Klagenfurt. Den ersten Tag des Wettlesens um den 42. Ingeborg-Bachmann-Preis hat am Donnerstagvormittag Raphaela Edelbauer, die einzige österreichische Teilnehmerin, eröffnet. Die 28-jährige Wienerin las einen Text mit dem Titel "Das Loch", der sich mit gefährlichen Hohlräumen unter einer österreichischen Kleinstadt beschäftigt und Geschichte und Gegenwart verbindet.
In dem Text, der sich aus Recherchen rund um die Seegrotte Hinterbrühl speist, geht es anhand eines herbeigerufenen Technikers um die Notwendigkeit, dem gefährlich instabil gewordenen Untergrund mit Materialeinspritzungen wieder Stabilität zu verleihen, aber auch um Massenmorde, die in den Höhlen und Grotten an KZ-Häftlingen in den letzten Tagen des Zweiten Weltkriegs verübt wurden. Dieses Thema wird auch im vermutlich 2019 erscheinenden ersten Roman "Das flüssige Land" der im Februar mit dem Rauriser Literaturpreis Ausgezeichneten im Zentrum stehen.

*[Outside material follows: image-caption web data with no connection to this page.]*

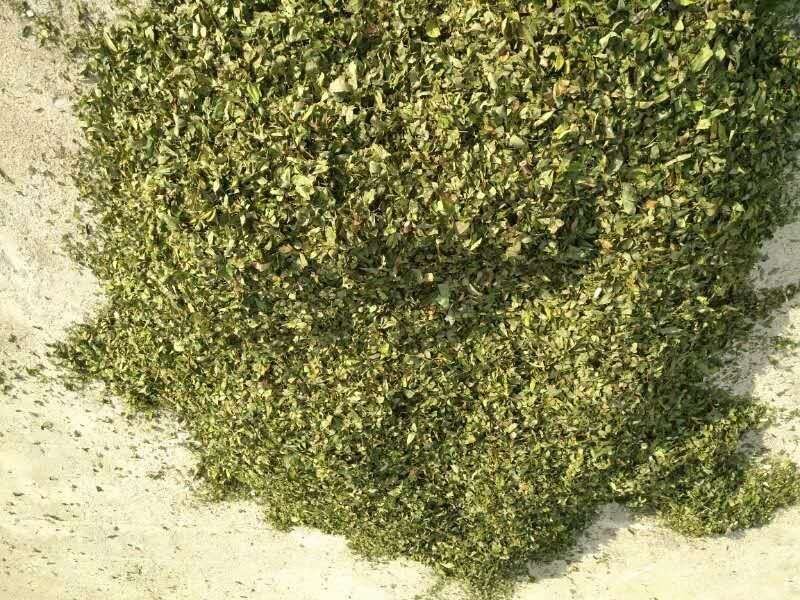 猴耳环（原料）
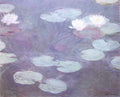 225 Pink Water Lilies 1897 1899 A4 Photo Print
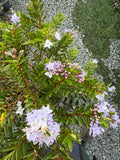 Hebe diosmifolia 'Mauve'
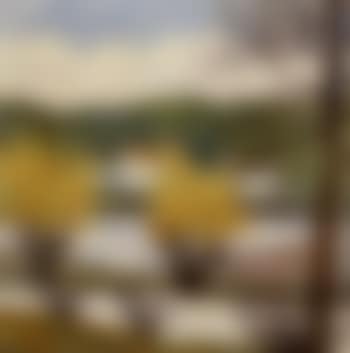 Les arbres jaunes (preview)
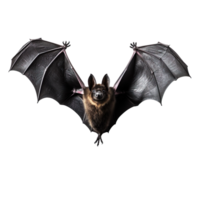 Flying black bat isolated on transparent background png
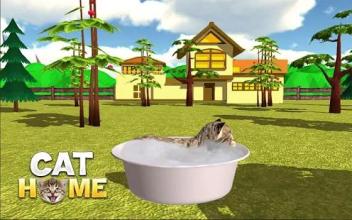 Cat Home : Kitten Daycare & Kitty Care Hotel截图2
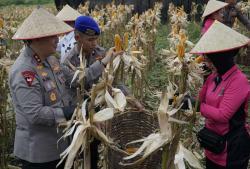 Mamfaatkan Lahan Tidur,  Panen Raya Polda Riau Tembus 156 Ton Jagung Pipil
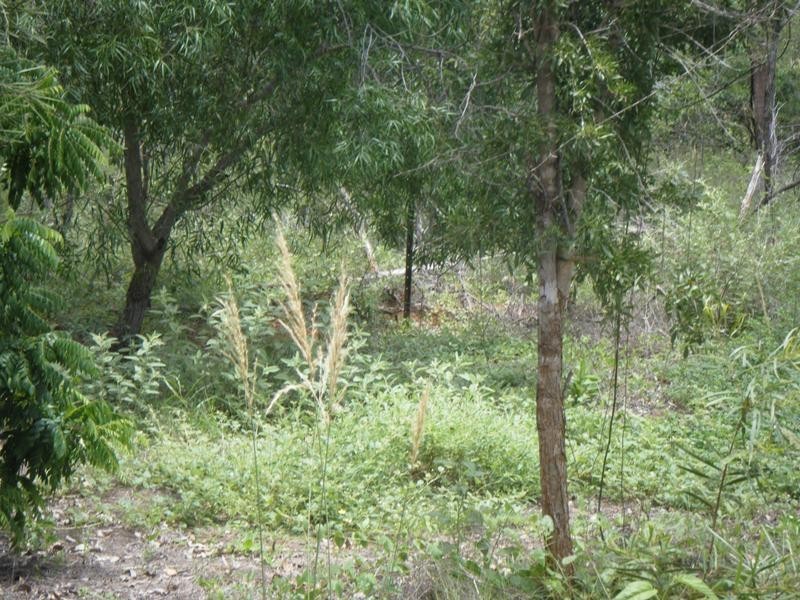 Lot 120,  Yamashita Street, Broome WA 6725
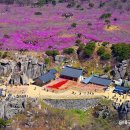 비슬산휴양림캠핑장관리사무소 이미지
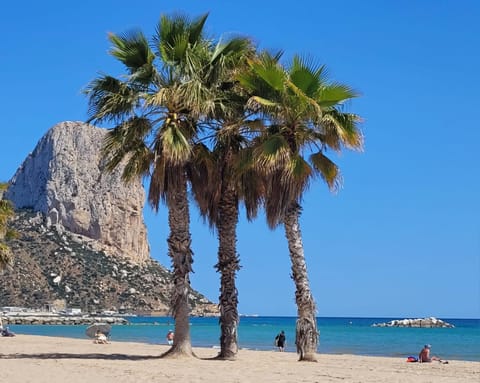 Nearby landmark, Natural landscape, Beach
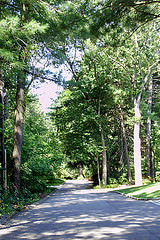 sm pine road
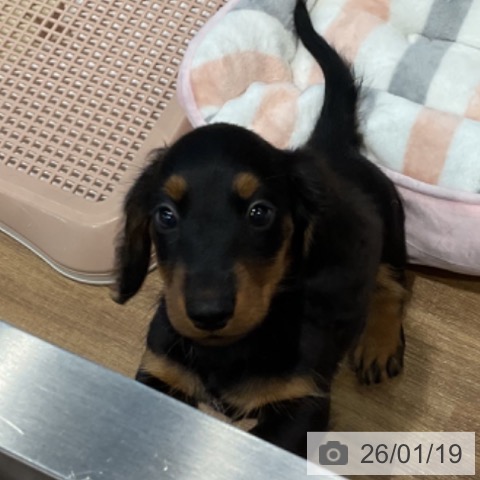 ミニチュア・ダックスフンドの写真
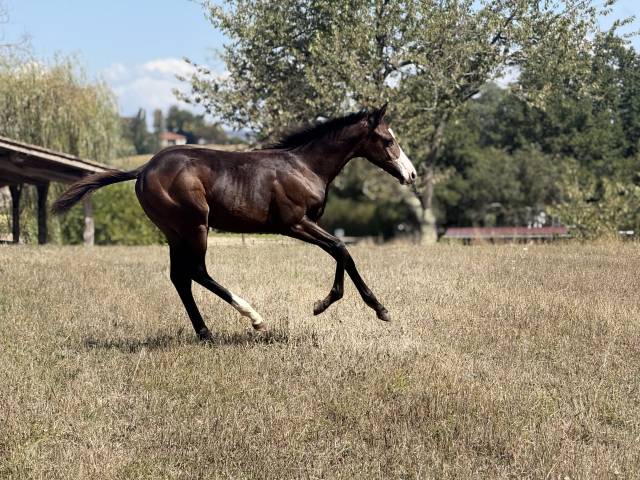 Puledra Paint Horse In vendita 2026 Baio ,  Classic cowboy spirit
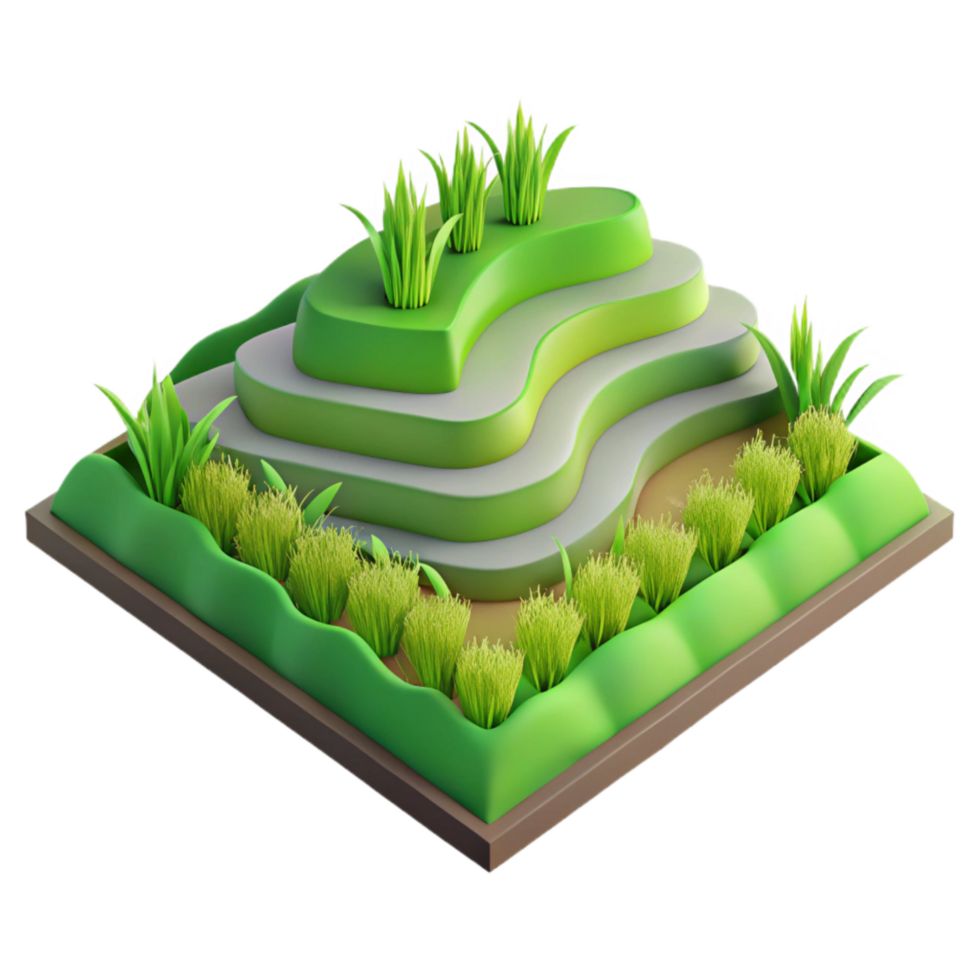 beautiful minimalist Rice Paddy Terraced Fields Green Rice Plants Isolated high quality png
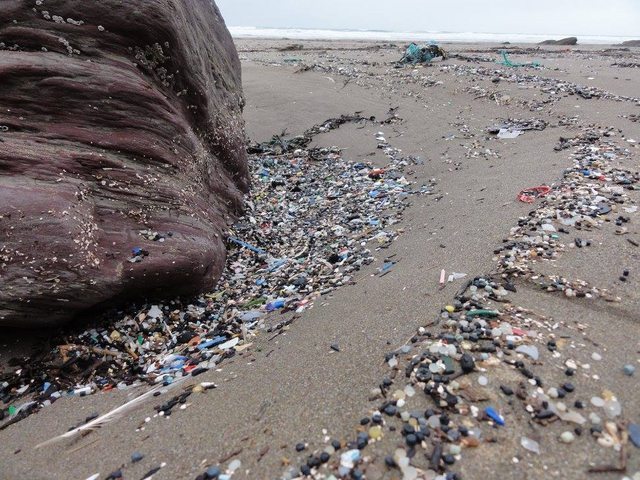 Rob Arnold - collected 35 bags of garbage and sorted it. It turned out pretty interesting. - The photo, Longpost, Garbage, Beach, Bags, Interesting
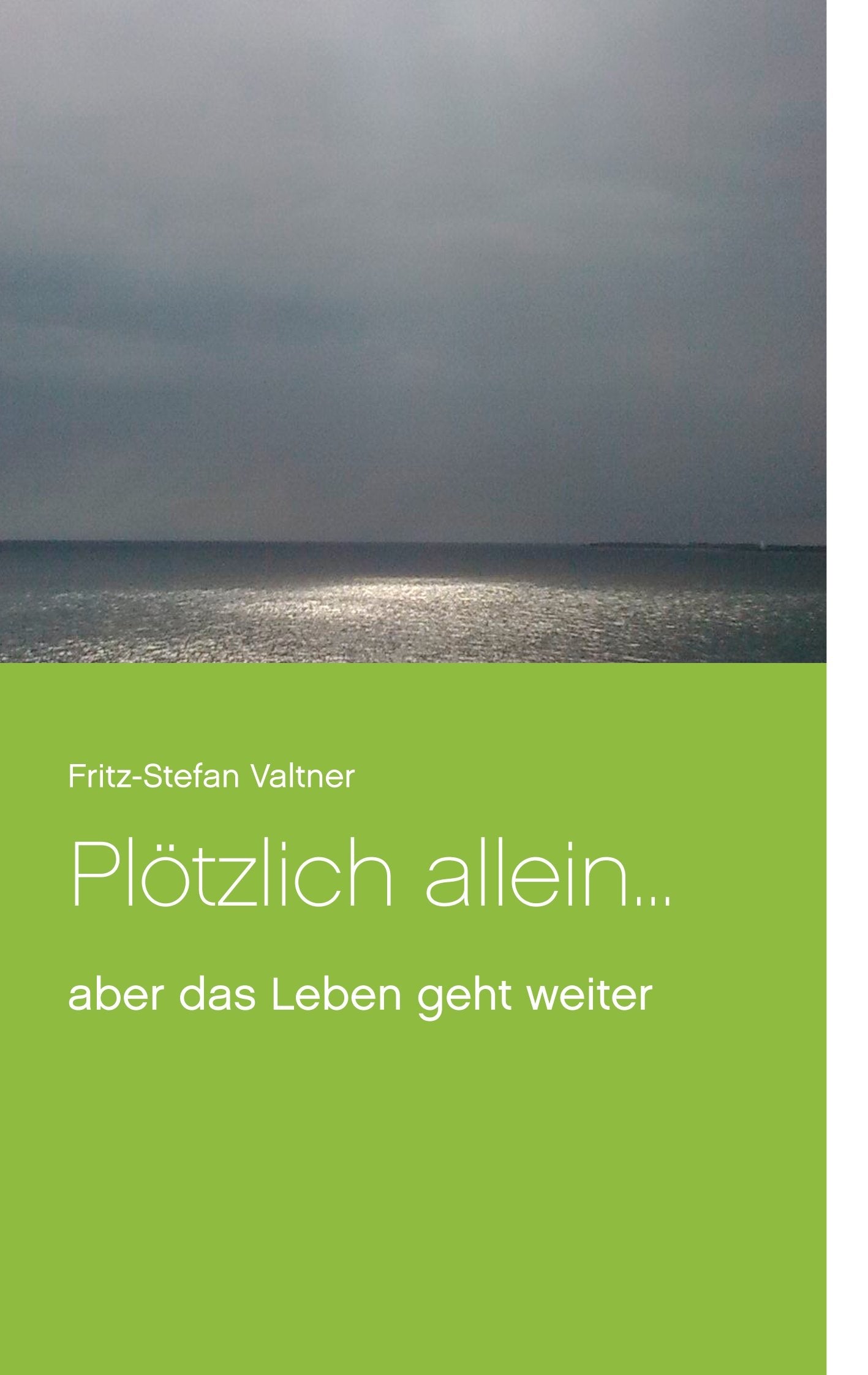 Plötzlich allein ...: aber das Leben geht weiter Art & Literature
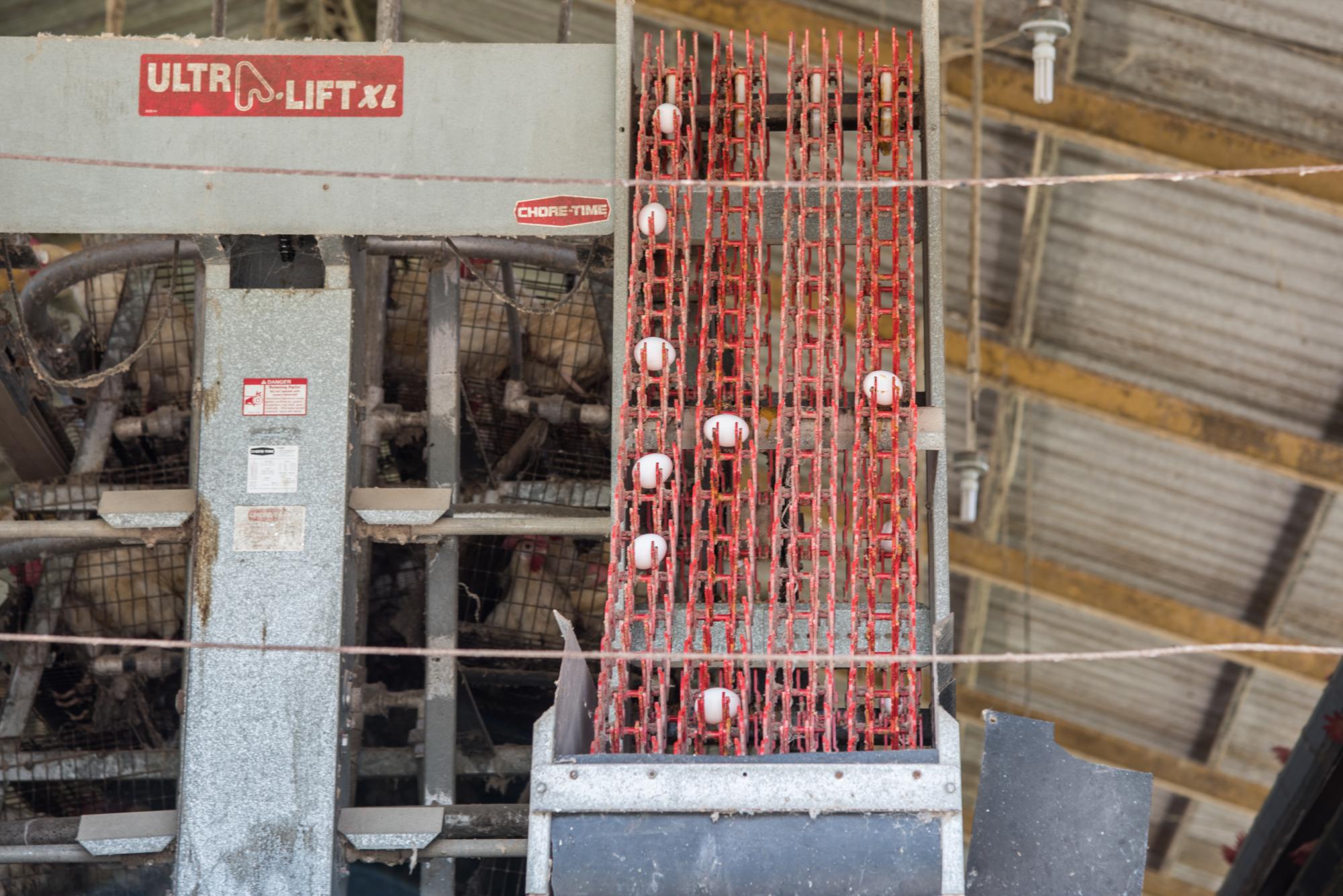 Los huevos recolectados por una red antes de llegar al almacén donde se clasifican.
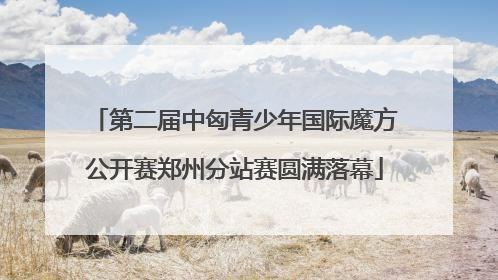 第二届中匈青少年国际魔方公开赛郑州分站赛圆满落幕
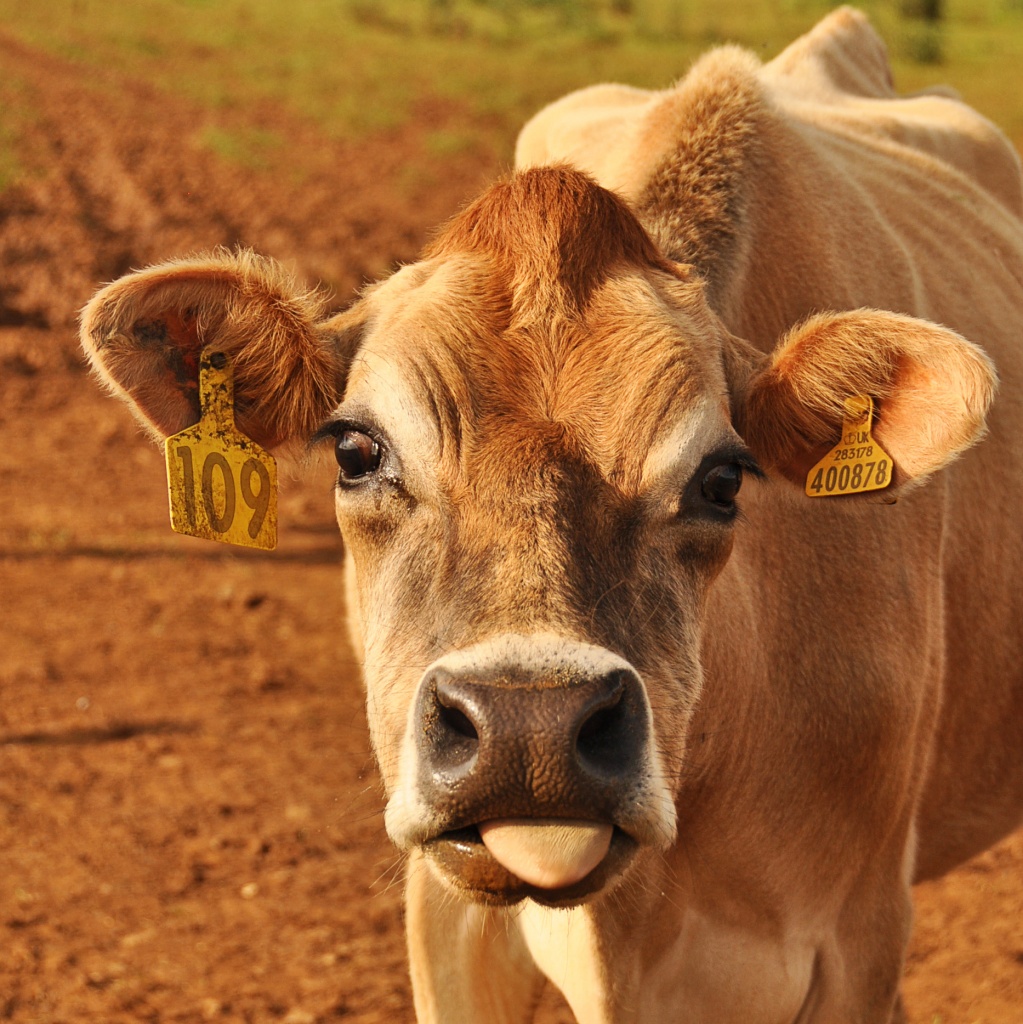 cheeky cow! by jantan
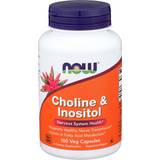 Now Foods Choline & Inositol 500mg 100 pcs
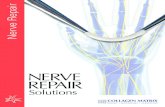 Nerve Repair Solutions - collagenmatrix.comcollagenmatrix.com/wp-content/uploads/2019/07/... · NERVE REPAIR Nerve Repair Spine Dural Repair Dental Nerve Repair Orthopaedic ... MAXIMUM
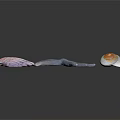 Organ And Hair Biological Specimens For Educational Biological Study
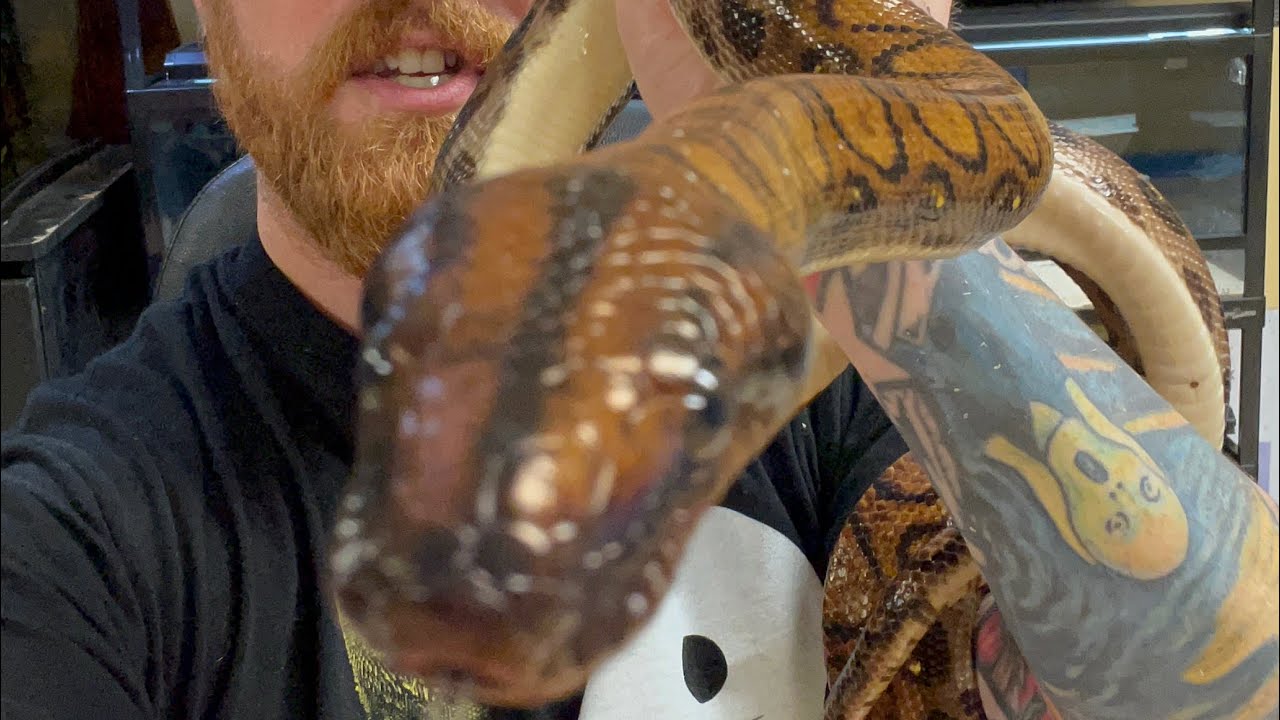 Animal facts - Brazilian Rainbow Boa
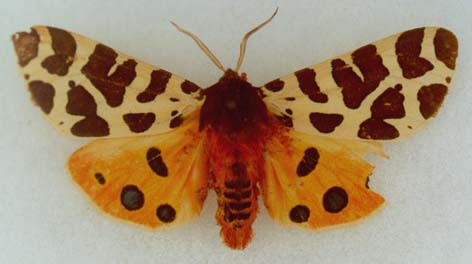 Arctia caja tshimgana, paralectotype, male, color image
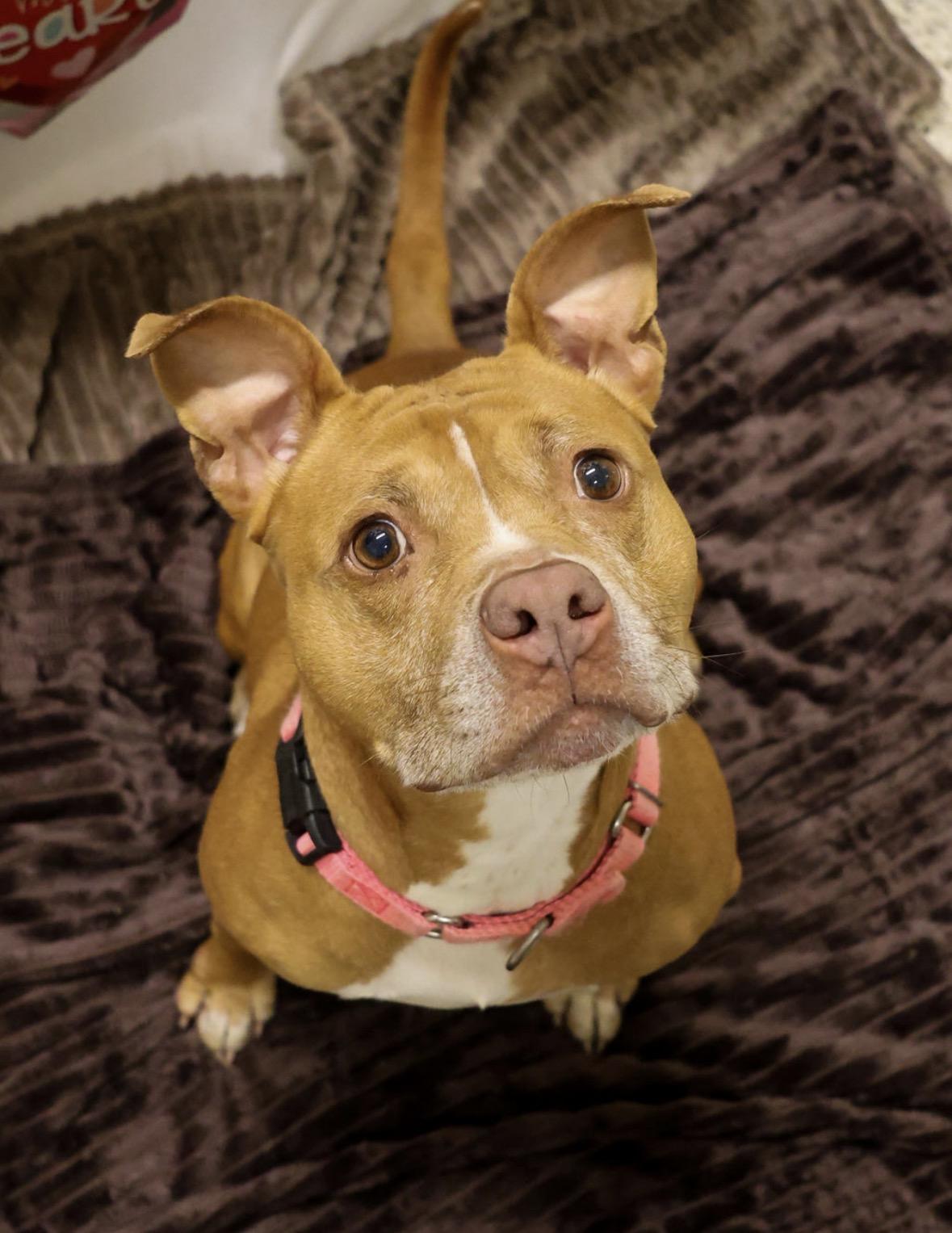 Bella, Adoptable, Adult Female Pit Bull Terrier.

Die neue Jurorin Insa Wilke ergriff als Erste das Wort und gab auch gleich den Ton der Jurydiskussion vor: "Mir gefällt die Figur des Auffüllungstechnikers sehr gut", sagte sie, doch "im Mittelteil stimmt die Statik des Textes nicht". Auch Hildegard Keller gefiel diese Figur sehr gut, aber der Text sei ein Hybrid und der Figur zu viel aufgebürdet: "Die poetische Aufladung passt in diesen Techniker nicht rein." Nora Gomringer, Bachmann-Preisträgerin des Jahres 2015 und ebenfalls neu in der Jury, erregte mit ihrem Statement Gelächter: "Alle Männer sind Auffüllungstechniker."
Auch in Edelbauers Text sei "recht viel Füllmaterial eingespritzt. (. . .) Da wäre weniger mehr gewesen", kritisierte Michael Wiederstein, während Stefan Gmünder fand, die Einwände beträfen "Kleinigkeiten in einem sehr gelungenen Text". Klaus Kastberger, der Edelbauer eingeladen hat, erhielt für seine flammende Verteidigungsrede Applaus des Publikums: Der Text sei keineswegs überladen, sondern hochpräzise. Er führe eine österreichische Tradition von Hans Lebert und Co. in sehr aktueller und dichter Form weiter. Und er erinnerte, wie sehr auch der Fall des Grubenunglücks Lassing ein Sinnbild für den Umgang mit der Wahrheit sei, die eben in verschiedener Weise angebohrt werden könnte.
Das letzte Schnappen
Danach gab es viel Zustimmung für Stephan Lohses Text "Lumumbaland". Die Schweizerin Martina Clavadetscher, die im Vorjahr mit ihrem Roman "Knochenlieder" für den Schweizer Buchpreis nominiert war, las einen Text mit dem Titel "Schnittmuster". In ihm geht es um eine 92-Jährige, die im Pflegeheim soeben gestorben ist, und doch viel zu berichten hat. Klaus Kastberger verlieh ihr seinen Privatpreis für den besten ersten Satz: "Das letzte Schnappen macht den Unterschied."
Musikalisch wurde das Festival am Mittwoch vom Trio "World Sounds Ensemble" rund um den Kärntner Tenorsaxophonisten Michael Erian eröffnet. Die "Klagenfurter Rede zur Literatur", heuer zum 19. Mal Bestandteil der Eröffnung der Tage der deutschsprachigen Literatur, hielt der 53-jährige Autor Feridun Zaimoglu. Er wurde in Bolu (Türkei) geboren und lebt seit seinem sechsten Lebensjahr in Deutschland. Unter dem Titel "Der Wert der Worte" gab er den Verzweifelten, Verlassenen und Ausgegrenzten eine Stimme. "Klagenfurt ist ein Ort der vielen Geschichten. / Es ist ein Ort der Beseelung. / Wir schreiben, wir lesen, wir kämpfen. / Wir stehen bei den Verlassenen."